§ DIRECTIONS
Omit each picture as you copy the entries exactly.

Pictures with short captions
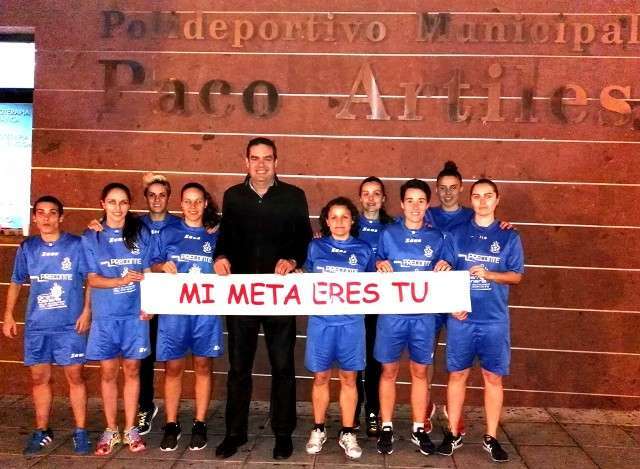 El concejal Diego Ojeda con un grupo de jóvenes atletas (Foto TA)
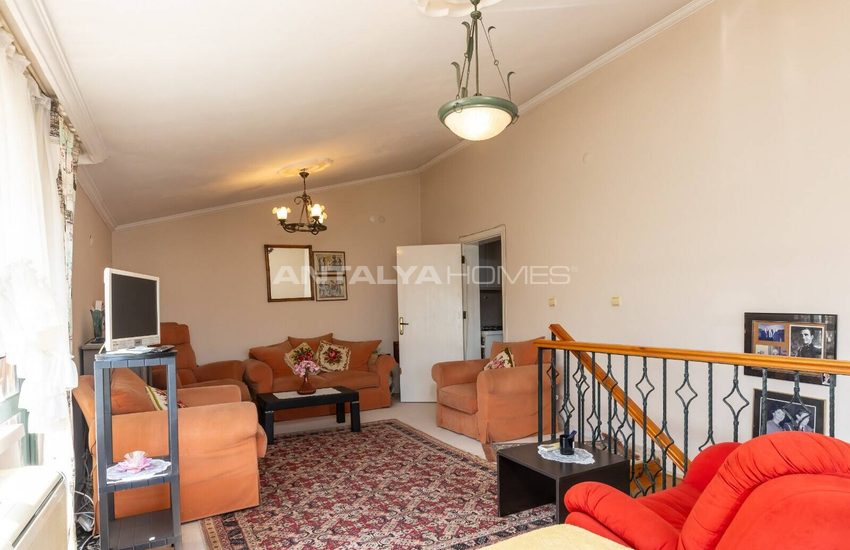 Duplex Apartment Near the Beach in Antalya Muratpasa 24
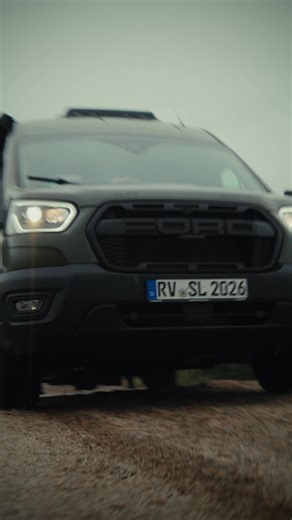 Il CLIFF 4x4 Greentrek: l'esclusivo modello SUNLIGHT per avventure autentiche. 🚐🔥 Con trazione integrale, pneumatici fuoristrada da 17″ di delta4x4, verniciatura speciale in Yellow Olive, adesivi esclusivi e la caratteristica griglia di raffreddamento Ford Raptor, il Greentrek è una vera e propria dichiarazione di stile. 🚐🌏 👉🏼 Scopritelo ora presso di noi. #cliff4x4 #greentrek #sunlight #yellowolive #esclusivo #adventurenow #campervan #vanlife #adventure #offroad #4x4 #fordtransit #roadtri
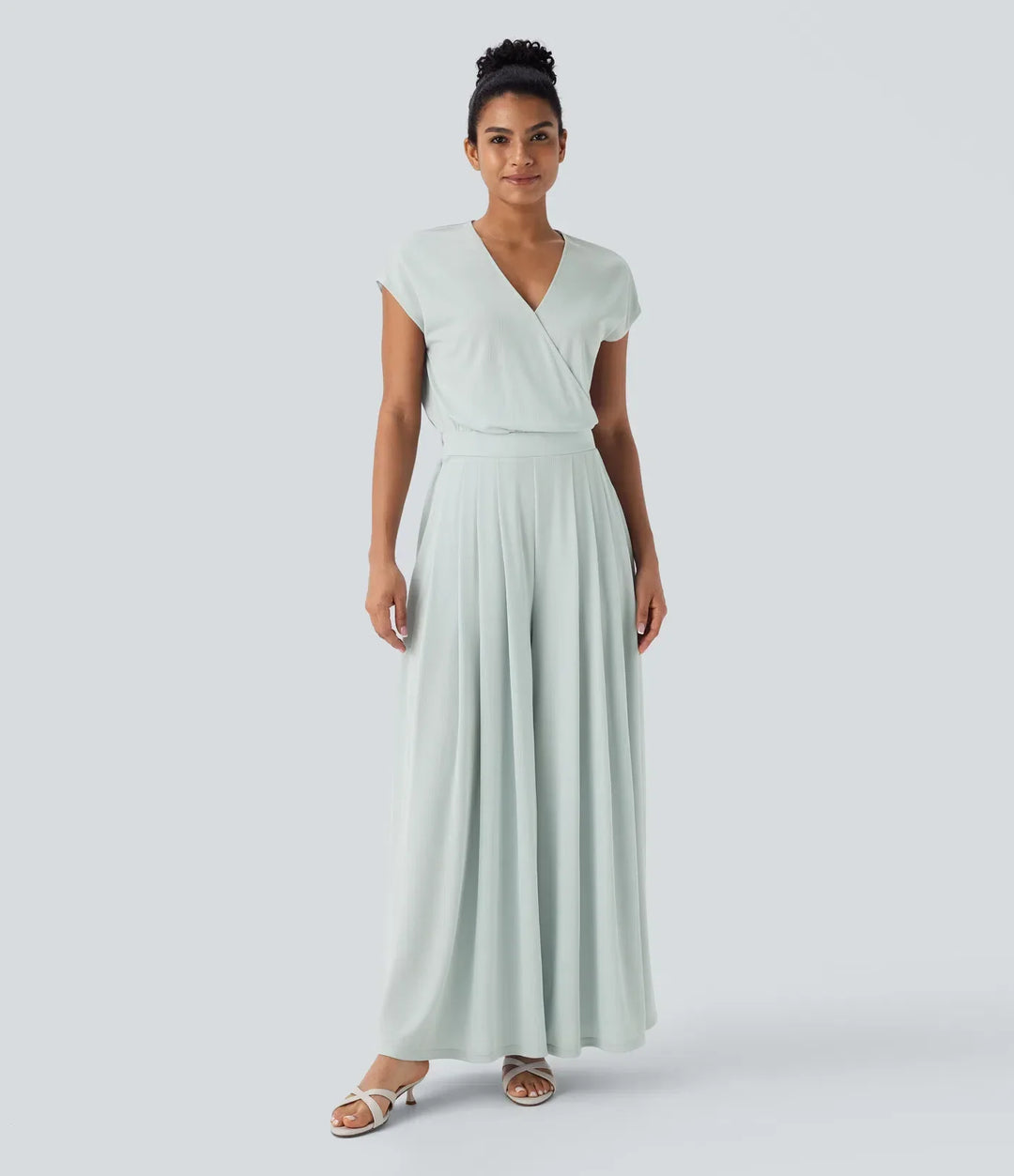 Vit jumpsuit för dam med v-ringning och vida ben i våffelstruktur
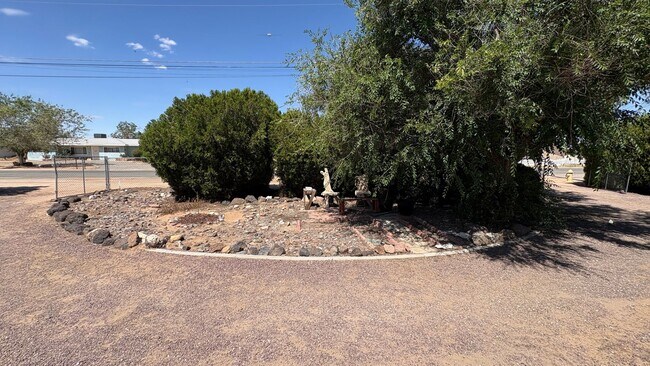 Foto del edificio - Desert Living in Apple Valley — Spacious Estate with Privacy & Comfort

§ EXERCISE OUTPUT
 El concejal Diego Ojeda con un grupo de jóvenes atletas (Foto TA)
 Duplex Apartment Near the Beach in Antalya Muratpasa 24
 Il CLIFF 4x4 Greentrek: l'esclusivo modello SUNLIGHT per avventure autentiche. 🚐🔥 Con trazione integrale, pneumatici fuoristrada da 17″ di delta4x4, verniciatura speciale in Yellow Olive, adesivi esclusivi e la caratteristica griglia di raffreddamento Ford Raptor, il Greentrek è una vera e propria dichiarazione di stile. 🚐🌏 👉🏼 Scopritelo ora presso di noi. #cliff4x4 #greentrek #sunlight #yellowolive #esclusivo #adventurenow #campervan #vanlife #adventure #offroad #4x4 #fordtransit #roadtri
 Vit jumpsuit för dam med v-ringning och vida ben i våffelstruktur
 Foto del edificio - Desert Living in Apple Valley — Spacious Estate with Privacy & Comfort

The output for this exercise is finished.